**Description of the task:**
Could you reproduce the lines below from the one with "Smeg KLF04CREU bollitore" through the one with "property at 162 Norwich Ave"? Keep both ends and add nothing.

Segment Start: Dataset excerpts

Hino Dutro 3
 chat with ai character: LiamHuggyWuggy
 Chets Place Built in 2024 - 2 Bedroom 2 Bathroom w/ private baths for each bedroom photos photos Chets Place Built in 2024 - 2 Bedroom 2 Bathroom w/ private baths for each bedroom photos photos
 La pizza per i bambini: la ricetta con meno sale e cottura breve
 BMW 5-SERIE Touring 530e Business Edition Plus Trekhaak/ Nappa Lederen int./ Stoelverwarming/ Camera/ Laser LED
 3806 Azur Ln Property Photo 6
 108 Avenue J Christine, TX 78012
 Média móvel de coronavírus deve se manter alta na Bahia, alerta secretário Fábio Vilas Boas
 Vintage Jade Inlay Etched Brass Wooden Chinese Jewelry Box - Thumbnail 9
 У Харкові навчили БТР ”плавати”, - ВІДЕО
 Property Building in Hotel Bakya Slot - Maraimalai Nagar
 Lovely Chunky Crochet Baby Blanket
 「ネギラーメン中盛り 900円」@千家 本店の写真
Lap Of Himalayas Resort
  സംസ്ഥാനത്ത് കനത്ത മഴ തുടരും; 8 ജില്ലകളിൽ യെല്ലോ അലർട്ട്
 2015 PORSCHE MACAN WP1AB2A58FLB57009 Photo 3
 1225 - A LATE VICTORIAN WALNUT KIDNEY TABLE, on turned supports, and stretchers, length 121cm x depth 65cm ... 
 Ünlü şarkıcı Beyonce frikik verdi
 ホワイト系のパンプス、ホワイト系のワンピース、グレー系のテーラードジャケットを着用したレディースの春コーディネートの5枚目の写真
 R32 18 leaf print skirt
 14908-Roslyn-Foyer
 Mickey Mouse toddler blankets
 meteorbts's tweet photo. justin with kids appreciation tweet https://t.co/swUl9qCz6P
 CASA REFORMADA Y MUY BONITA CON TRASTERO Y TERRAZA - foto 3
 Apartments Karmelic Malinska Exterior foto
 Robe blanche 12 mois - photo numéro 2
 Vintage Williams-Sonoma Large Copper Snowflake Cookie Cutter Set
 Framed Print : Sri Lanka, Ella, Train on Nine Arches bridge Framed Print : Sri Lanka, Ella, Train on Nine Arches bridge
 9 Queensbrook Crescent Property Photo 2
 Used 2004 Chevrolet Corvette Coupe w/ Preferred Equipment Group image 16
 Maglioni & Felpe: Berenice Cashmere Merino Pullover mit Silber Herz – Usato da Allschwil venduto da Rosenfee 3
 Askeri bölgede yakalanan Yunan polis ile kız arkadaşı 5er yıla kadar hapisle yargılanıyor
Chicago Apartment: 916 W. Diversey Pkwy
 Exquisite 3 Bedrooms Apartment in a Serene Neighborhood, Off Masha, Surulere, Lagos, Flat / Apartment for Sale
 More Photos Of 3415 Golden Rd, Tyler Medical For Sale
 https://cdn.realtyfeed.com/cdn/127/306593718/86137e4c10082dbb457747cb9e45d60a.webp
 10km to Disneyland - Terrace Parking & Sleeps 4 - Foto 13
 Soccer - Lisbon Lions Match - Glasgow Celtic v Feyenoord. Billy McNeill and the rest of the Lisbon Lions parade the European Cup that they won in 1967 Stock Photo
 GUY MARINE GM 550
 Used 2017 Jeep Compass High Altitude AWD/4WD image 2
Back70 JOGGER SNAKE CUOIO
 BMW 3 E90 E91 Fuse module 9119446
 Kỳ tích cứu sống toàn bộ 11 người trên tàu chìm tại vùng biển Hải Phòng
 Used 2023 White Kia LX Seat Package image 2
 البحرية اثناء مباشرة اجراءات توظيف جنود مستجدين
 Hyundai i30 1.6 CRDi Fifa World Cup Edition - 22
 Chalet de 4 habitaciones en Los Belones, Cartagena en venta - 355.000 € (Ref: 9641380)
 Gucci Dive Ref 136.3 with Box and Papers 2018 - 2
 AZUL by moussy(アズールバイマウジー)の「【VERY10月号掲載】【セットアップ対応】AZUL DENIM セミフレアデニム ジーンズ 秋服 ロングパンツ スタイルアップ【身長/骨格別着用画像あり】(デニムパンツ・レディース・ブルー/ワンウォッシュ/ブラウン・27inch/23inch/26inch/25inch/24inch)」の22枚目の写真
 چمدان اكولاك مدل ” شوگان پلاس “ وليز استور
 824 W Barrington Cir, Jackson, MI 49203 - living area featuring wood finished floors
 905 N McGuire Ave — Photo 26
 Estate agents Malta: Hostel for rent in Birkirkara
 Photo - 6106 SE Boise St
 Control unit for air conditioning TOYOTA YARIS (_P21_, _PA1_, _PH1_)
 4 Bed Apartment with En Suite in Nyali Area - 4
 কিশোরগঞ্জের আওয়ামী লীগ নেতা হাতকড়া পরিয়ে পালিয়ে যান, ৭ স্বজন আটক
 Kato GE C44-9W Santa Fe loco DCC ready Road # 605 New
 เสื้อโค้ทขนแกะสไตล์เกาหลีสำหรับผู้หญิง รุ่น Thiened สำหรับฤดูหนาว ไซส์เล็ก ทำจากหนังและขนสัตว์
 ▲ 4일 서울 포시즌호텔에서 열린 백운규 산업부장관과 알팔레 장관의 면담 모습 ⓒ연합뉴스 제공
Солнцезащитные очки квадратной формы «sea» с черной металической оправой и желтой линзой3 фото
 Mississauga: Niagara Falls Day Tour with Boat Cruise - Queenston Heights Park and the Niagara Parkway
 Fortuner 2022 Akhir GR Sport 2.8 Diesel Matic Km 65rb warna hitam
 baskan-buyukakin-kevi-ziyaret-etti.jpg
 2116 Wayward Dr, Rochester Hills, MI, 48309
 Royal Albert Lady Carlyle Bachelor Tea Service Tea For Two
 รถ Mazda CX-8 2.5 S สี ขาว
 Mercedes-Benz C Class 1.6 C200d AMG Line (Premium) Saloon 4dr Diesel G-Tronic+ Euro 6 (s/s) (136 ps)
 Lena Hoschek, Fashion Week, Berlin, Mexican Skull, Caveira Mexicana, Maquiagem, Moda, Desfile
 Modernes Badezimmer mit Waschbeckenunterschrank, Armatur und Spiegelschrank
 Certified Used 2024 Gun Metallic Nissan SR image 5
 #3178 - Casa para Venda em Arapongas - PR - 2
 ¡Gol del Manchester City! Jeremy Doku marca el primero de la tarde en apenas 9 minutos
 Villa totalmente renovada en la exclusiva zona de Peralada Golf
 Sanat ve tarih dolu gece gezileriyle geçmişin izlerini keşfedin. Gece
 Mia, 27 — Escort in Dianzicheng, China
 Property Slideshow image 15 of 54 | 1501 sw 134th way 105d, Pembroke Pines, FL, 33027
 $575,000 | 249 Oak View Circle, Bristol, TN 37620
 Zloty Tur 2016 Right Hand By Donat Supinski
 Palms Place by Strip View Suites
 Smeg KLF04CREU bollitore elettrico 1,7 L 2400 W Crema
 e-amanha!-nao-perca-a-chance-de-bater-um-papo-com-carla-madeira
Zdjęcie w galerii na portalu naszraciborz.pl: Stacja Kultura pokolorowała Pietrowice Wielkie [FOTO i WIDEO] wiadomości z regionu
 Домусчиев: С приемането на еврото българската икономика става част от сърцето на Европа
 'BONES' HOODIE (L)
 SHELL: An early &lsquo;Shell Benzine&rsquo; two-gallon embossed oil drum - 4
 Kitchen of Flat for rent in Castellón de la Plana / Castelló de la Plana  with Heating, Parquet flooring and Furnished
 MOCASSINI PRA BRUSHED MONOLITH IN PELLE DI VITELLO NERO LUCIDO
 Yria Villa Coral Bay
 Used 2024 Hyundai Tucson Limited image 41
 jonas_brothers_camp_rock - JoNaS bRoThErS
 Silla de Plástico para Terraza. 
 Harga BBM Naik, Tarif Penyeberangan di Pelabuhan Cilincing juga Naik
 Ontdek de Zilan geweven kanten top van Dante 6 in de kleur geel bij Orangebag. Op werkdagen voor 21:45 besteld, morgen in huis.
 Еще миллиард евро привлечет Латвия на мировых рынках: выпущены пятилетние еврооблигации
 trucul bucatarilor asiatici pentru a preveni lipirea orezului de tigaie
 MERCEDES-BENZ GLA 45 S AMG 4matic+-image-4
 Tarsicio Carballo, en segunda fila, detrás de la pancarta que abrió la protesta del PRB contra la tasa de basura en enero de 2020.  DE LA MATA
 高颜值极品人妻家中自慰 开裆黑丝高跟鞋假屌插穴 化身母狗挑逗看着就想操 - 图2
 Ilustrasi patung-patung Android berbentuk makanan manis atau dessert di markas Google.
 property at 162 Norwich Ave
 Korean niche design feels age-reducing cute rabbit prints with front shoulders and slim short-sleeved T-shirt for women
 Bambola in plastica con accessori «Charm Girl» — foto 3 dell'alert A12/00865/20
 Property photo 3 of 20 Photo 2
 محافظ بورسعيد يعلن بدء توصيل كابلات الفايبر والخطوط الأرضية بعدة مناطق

Segment End: Dataset excerpts

**Task solution:**
 Smeg KLF04CREU bollitore elettrico 1,7 L 2400 W Crema
 e-amanha!-nao-perca-a-chance-de-bater-um-papo-com-carla-madeira
Zdjęcie w galerii na portalu naszraciborz.pl: Stacja Kultura pokolorowała Pietrowice Wielkie [FOTO i WIDEO] wiadomości z regionu
 Домусчиев: С приемането на еврото българската икономика става част от сърцето на Европа
 'BONES' HOODIE (L)
 SHELL: An early &lsquo;Shell Benzine&rsquo; two-gallon embossed oil drum - 4
 Kitchen of Flat for rent in Castellón de la Plana / Castelló de la Plana  with Heating, Parquet flooring and Furnished
 MOCASSINI PRA BRUSHED MONOLITH IN PELLE DI VITELLO NERO LUCIDO
 Yria Villa Coral Bay
 Used 2024 Hyundai Tucson Limited image 41
 jonas_brothers_camp_rock - JoNaS bRoThErS
 Silla de Plástico para Terraza. 
 Harga BBM Naik, Tarif Penyeberangan di Pelabuhan Cilincing juga Naik
 Ontdek de Zilan geweven kanten top van Dante 6 in de kleur geel bij Orangebag. Op werkdagen voor 21:45 besteld, morgen in huis.
 Еще миллиард евро привлечет Латвия на мировых рынках: выпущены пятилетние еврооблигации
 trucul bucatarilor asiatici pentru a preveni lipirea orezului de tigaie
 MERCEDES-BENZ GLA 45 S AMG 4matic+-image-4
 Tarsicio Carballo, en segunda fila, detrás de la pancarta que abrió la protesta del PRB contra la tasa de basura en enero de 2020.  DE LA MATA
 高颜值极品人妻家中自慰 开裆黑丝高跟鞋假屌插穴 化身母狗挑逗看着就想操 - 图2
 Ilustrasi patung-patung Android berbentuk makanan manis atau dessert di markas Google.
 property at 162 Norwich Ave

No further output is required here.